Would you please repeat, word for word, only the lines from the one holding "Нашийник для собак" through the one holding "Lil Peep Suck My Blood Lyrical Video" in the material below, without the pictures?

── DATA FOR THIS TASK ──

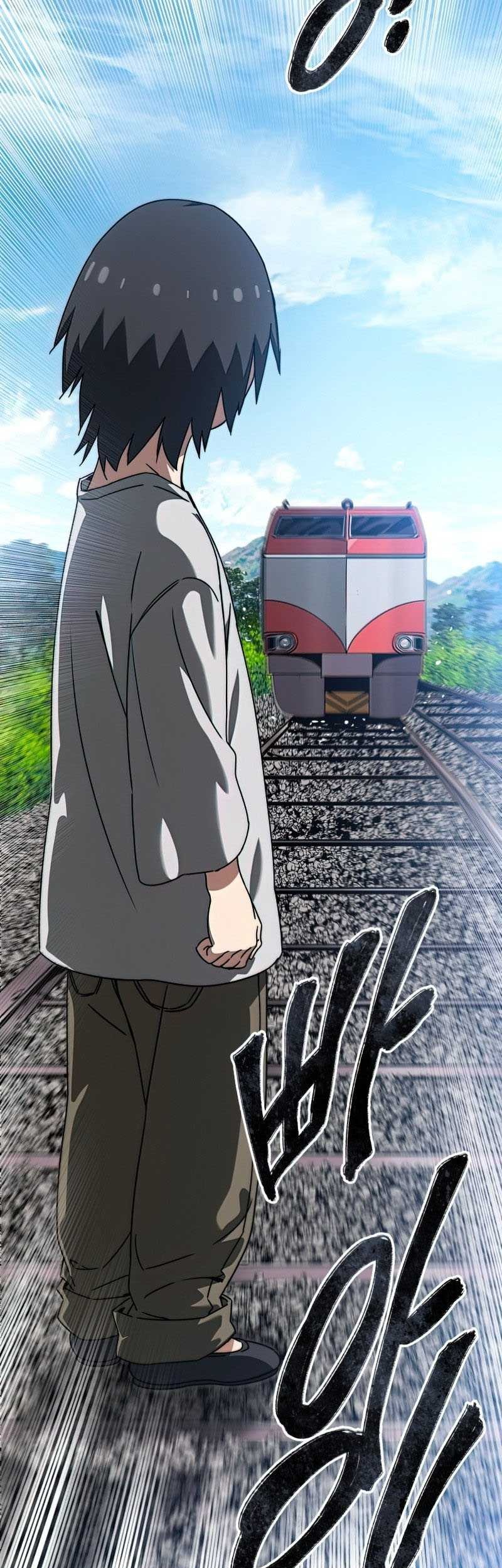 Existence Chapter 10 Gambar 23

───
── DATA FOR THIS TASK ──

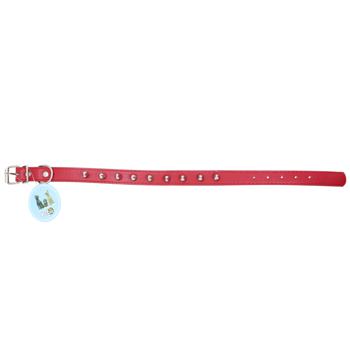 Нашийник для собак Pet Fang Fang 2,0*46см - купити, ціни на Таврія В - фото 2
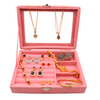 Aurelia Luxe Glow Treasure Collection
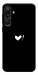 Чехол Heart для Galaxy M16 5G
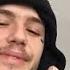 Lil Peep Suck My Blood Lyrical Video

───

#### RESPONSE TO THE EXERCISE
 Нашийник для собак Pet Fang Fang 2,0*46см - купити, ціни на Таврія В - фото 2
 Aurelia Luxe Glow Treasure Collection
 Чехол Heart для Galaxy M16 5G
 Lil Peep Suck My Blood Lyrical Video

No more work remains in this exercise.